Description of the task:
Using the records below, give the number of lines where the word "para" appears, with no further output.

Information given:
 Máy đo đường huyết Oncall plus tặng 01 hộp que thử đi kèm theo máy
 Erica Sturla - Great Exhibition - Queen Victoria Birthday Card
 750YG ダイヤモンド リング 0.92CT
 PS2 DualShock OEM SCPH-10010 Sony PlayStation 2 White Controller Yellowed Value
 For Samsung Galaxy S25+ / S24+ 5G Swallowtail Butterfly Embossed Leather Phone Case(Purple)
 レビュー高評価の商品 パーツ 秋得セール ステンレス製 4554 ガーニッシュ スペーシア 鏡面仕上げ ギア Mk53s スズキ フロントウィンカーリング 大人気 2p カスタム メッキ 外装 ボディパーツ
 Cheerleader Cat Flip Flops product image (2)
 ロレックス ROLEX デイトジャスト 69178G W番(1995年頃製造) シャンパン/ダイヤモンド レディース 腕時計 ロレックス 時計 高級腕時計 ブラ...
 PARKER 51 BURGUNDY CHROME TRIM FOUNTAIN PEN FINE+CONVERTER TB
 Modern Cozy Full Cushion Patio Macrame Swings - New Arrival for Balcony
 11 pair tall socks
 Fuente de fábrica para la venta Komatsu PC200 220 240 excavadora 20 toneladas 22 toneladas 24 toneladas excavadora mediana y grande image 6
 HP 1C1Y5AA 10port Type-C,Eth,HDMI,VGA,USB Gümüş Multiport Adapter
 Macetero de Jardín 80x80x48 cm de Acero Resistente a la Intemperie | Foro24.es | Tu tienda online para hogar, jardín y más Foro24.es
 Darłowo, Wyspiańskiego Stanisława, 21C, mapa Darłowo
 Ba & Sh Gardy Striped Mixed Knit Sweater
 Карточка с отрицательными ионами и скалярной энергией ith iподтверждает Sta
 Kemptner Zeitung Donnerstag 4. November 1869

Answer box:
2